── MATERIAL FOR THIS TASK ──
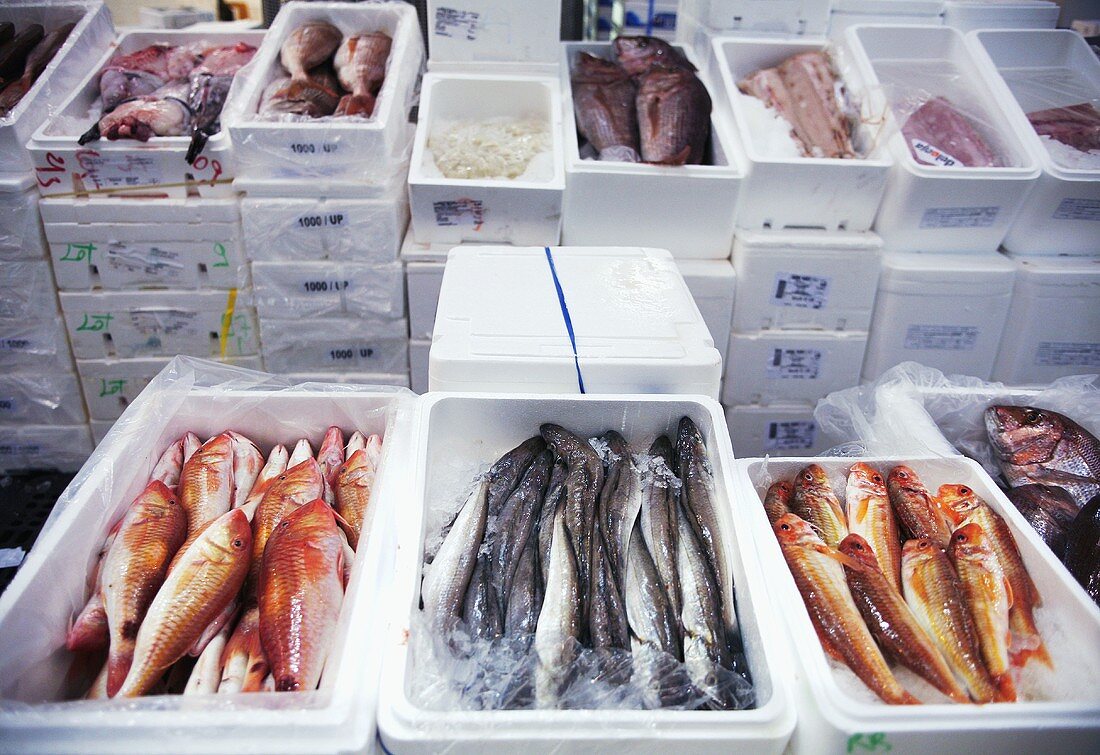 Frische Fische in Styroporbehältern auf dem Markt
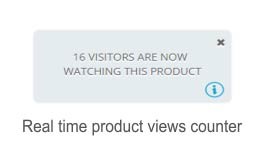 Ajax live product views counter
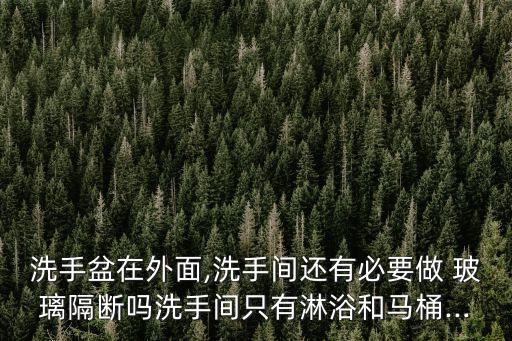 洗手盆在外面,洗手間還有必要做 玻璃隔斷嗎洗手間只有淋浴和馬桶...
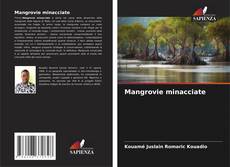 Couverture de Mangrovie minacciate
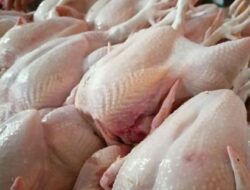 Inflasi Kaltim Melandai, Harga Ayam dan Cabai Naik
───
* _TASK DIRECTIONS_
Could you restate all of the data above word for word and skip every picture?

* _THE ANSWER_
 Frische Fische in Styroporbehältern auf dem Markt
 Ajax live product views counter
 洗手盆在外面,洗手間還有必要做 玻璃隔斷嗎洗手間只有淋浴和馬桶...
 Couverture de Mangrovie minacciate
 Inflasi Kaltim Melandai, Harga Ayam dan Cabai Naik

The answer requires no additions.